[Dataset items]
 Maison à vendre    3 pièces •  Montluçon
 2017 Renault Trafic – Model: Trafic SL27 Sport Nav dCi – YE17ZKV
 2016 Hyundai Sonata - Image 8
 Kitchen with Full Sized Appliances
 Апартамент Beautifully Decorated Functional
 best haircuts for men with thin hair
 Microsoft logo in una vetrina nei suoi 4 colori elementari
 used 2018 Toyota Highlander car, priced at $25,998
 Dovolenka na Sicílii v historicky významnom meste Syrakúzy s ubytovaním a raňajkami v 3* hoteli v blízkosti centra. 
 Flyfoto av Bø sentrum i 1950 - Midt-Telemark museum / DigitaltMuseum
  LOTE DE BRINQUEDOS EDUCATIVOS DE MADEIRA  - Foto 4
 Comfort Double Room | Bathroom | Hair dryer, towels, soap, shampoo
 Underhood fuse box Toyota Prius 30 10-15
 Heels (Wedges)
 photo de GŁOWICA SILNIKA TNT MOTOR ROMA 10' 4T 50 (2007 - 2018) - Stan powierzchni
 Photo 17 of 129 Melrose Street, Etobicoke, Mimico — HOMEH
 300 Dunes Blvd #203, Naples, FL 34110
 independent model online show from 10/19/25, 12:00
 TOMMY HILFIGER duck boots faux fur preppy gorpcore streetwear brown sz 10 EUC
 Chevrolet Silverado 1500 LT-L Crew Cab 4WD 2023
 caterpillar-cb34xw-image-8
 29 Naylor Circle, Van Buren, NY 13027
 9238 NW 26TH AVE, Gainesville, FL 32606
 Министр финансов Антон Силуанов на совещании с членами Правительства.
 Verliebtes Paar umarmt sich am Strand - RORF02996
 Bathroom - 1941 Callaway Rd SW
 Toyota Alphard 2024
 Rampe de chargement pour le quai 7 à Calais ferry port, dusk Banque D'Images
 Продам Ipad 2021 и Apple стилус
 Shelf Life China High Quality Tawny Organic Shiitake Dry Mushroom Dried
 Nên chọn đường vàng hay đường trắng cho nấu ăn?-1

#### [What to produce]
Each line from the one containing "TOMMY HILFIGER duck" to the end of the entries above should be copied exactly, and no other line.

#### [Result below]
 TOMMY HILFIGER duck boots faux fur preppy gorpcore streetwear brown sz 10 EUC
 Chevrolet Silverado 1500 LT-L Crew Cab 4WD 2023
 caterpillar-cb34xw-image-8
 29 Naylor Circle, Van Buren, NY 13027
 9238 NW 26TH AVE, Gainesville, FL 32606
 Министр финансов Антон Силуанов на совещании с членами Правительства.
 Verliebtes Paar umarmt sich am Strand - RORF02996
 Bathroom - 1941 Callaway Rd SW
 Toyota Alphard 2024
 Rampe de chargement pour le quai 7 à Calais ferry port, dusk Banque D'Images
 Продам Ipad 2021 и Apple стилус
 Shelf Life China High Quality Tawny Organic Shiitake Dry Mushroom Dried
 Nên chọn đường vàng hay đường trắng cho nấu ăn?-1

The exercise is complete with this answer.